EXERCISE GOAL: For this exercise, output the line holding "Светильник линейный светодиодный" and all subsequent lines of the entries below, unchanged, up to and including the last.

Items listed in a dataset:
************
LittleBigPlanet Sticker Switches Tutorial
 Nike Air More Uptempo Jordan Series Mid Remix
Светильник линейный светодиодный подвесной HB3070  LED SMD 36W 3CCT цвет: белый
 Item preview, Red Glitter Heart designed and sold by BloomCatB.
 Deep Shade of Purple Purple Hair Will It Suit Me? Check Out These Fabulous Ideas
************
FINISHED EXERCISE:
Светильник линейный светодиодный подвесной HB3070  LED SMD 36W 3CCT цвет: белый
 Item preview, Red Glitter Heart designed and sold by BloomCatB.
 Deep Shade of Purple Purple Hair Will It Suit Me? Check Out These Fabulous Ideas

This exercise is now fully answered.